→ **Prompt**:
In the entries that follow, the line with "2br In Schwabing- What'app" opens the range and the line with "Formal dress with open back - Picture 2 of 3" closes it; repeat that range exactly, both lines included.

*** Opening of Record excerpts ***

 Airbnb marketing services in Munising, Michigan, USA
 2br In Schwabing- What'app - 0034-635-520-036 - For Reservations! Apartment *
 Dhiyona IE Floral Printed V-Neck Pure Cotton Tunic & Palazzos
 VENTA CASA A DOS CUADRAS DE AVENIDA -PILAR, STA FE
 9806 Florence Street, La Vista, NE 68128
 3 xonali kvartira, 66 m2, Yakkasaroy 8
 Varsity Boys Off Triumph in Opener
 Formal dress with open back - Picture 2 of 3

*** Close of Record excerpts ***
*** Opening of Record excerpts ***

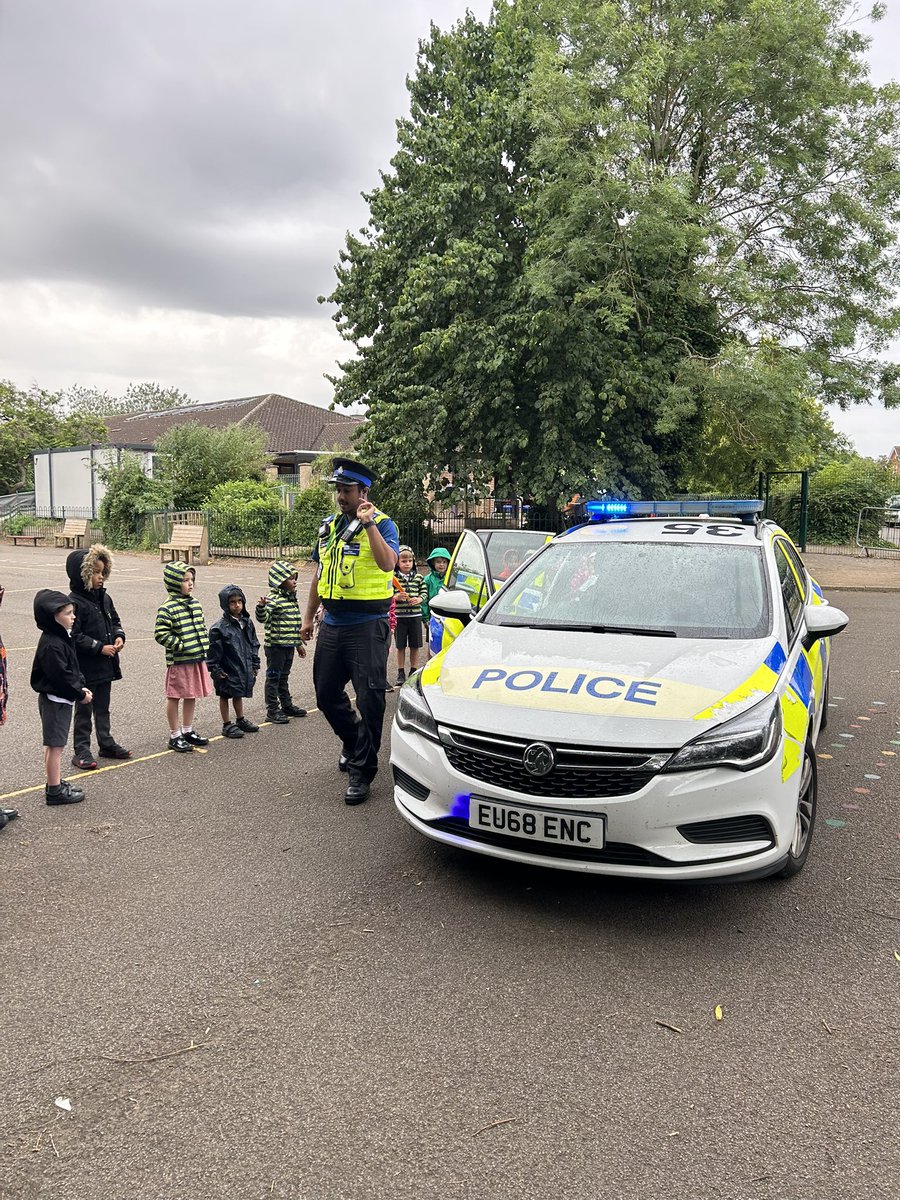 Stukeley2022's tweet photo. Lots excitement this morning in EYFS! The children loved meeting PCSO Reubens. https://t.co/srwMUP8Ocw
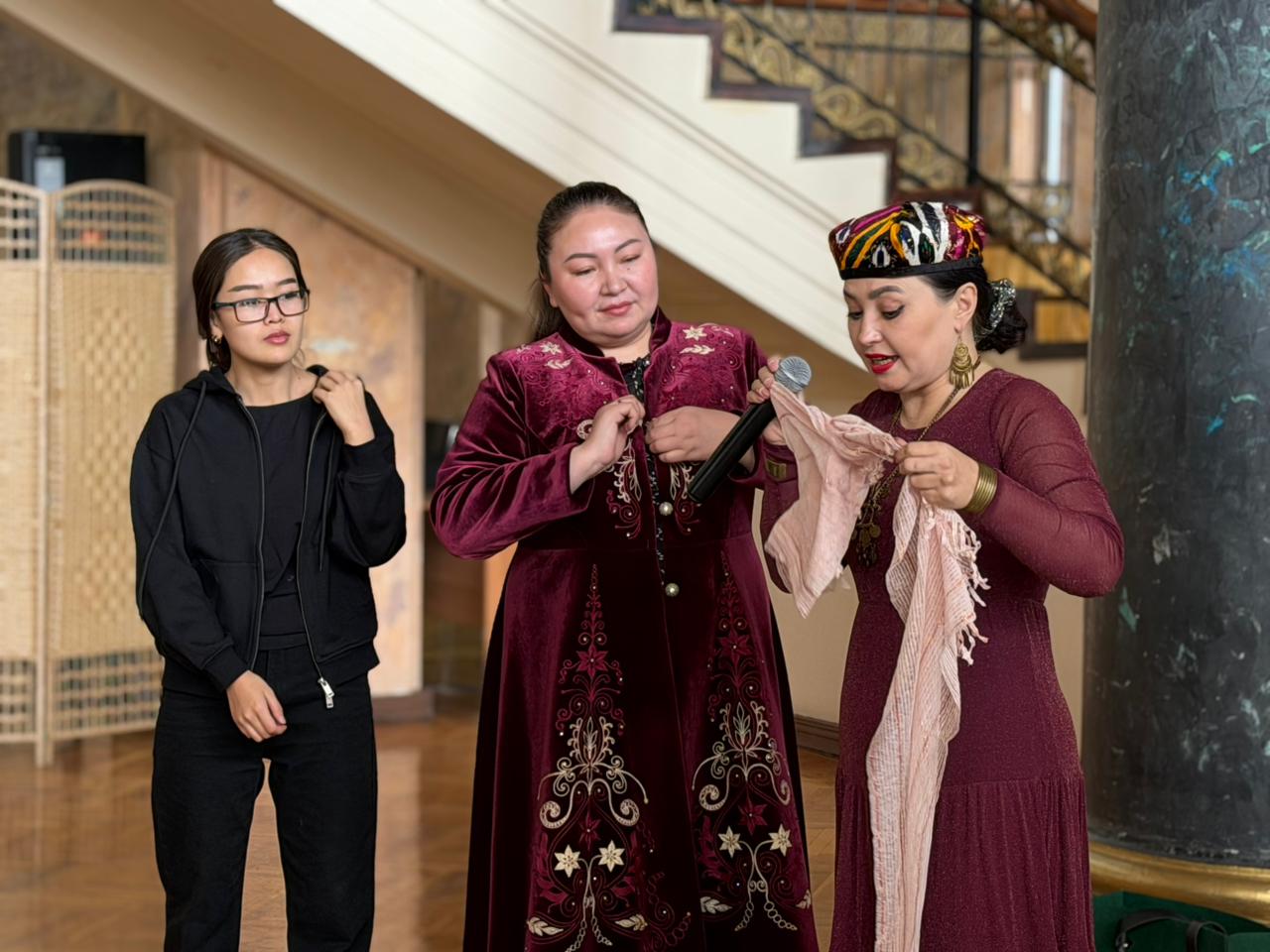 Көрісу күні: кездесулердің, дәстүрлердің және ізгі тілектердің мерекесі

*** Close of Record excerpts ***
*** Opening of Record excerpts ***

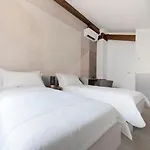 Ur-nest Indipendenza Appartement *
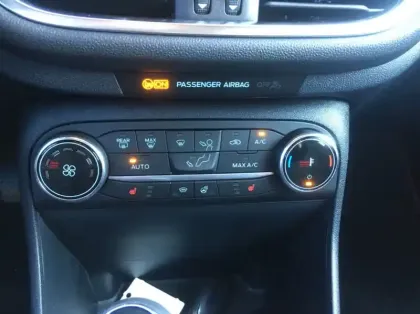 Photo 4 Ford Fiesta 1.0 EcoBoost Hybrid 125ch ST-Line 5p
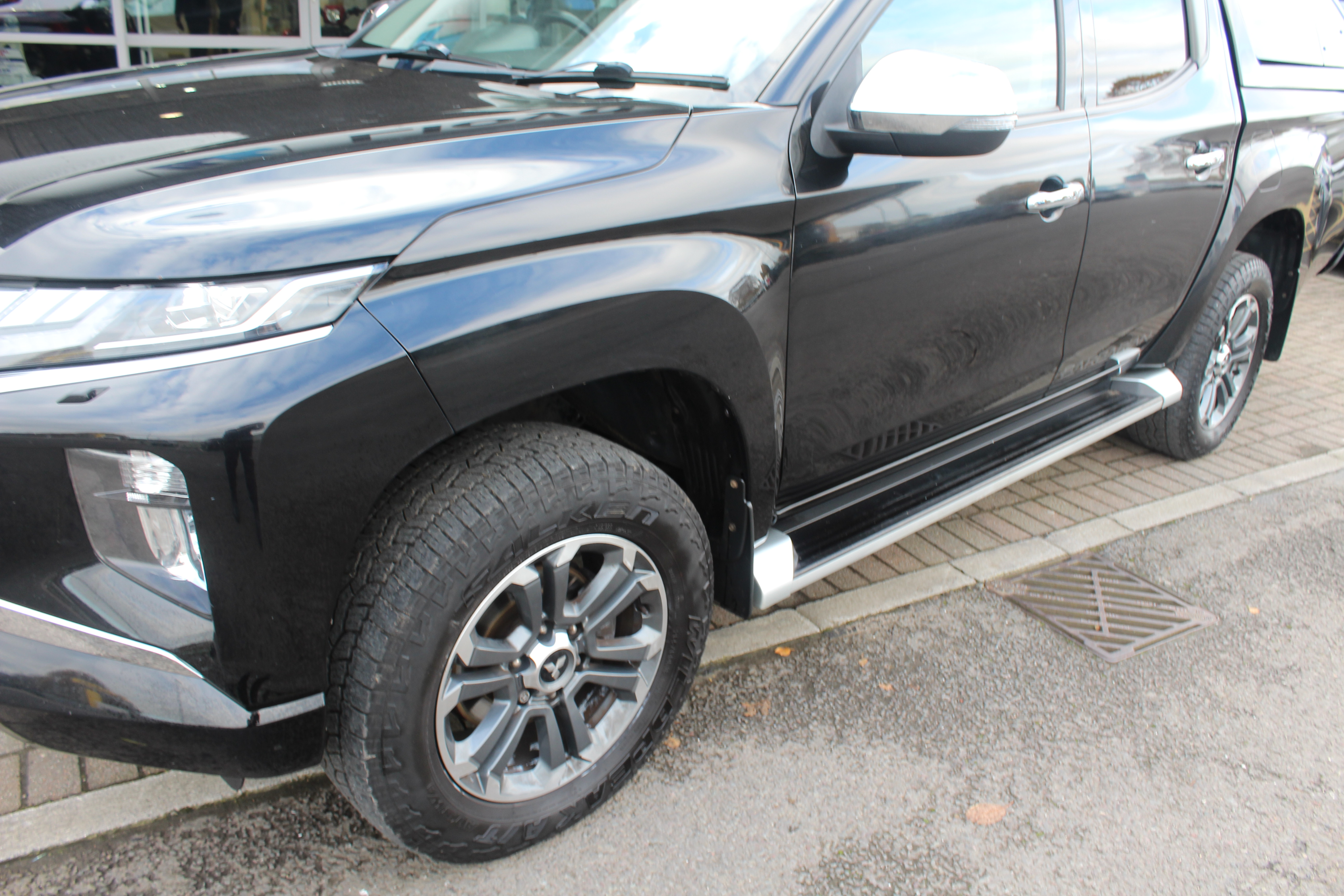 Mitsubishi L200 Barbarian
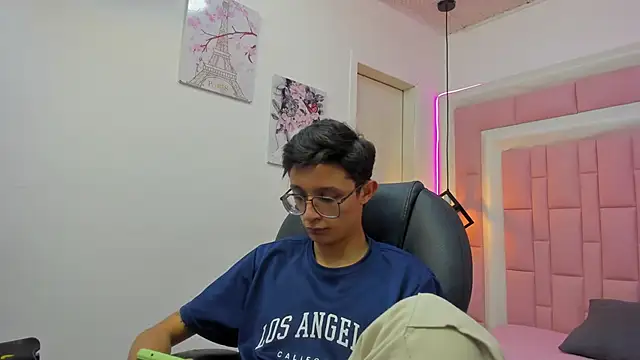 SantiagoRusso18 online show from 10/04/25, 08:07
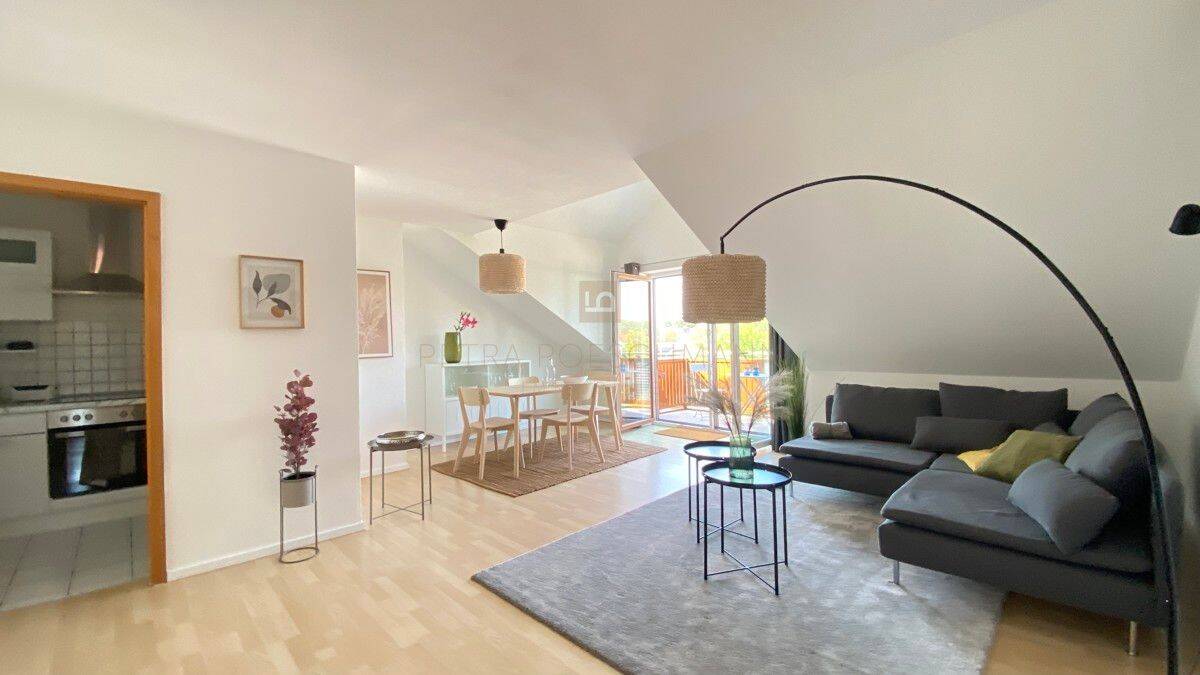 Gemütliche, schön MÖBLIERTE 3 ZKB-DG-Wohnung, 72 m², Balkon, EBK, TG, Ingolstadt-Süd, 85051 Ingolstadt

*** Close of Record excerpts ***

→ **Response area**:
 2br In Schwabing- What'app - 0034-635-520-036 - For Reservations! Apartment *
 Dhiyona IE Floral Printed V-Neck Pure Cotton Tunic & Palazzos
 VENTA CASA A DOS CUADRAS DE AVENIDA -PILAR, STA FE
 9806 Florence Street, La Vista, NE 68128
 3 xonali kvartira, 66 m2, Yakkasaroy 8
 Varsity Boys Off Triumph in Opener
 Formal dress with open back - Picture 2 of 3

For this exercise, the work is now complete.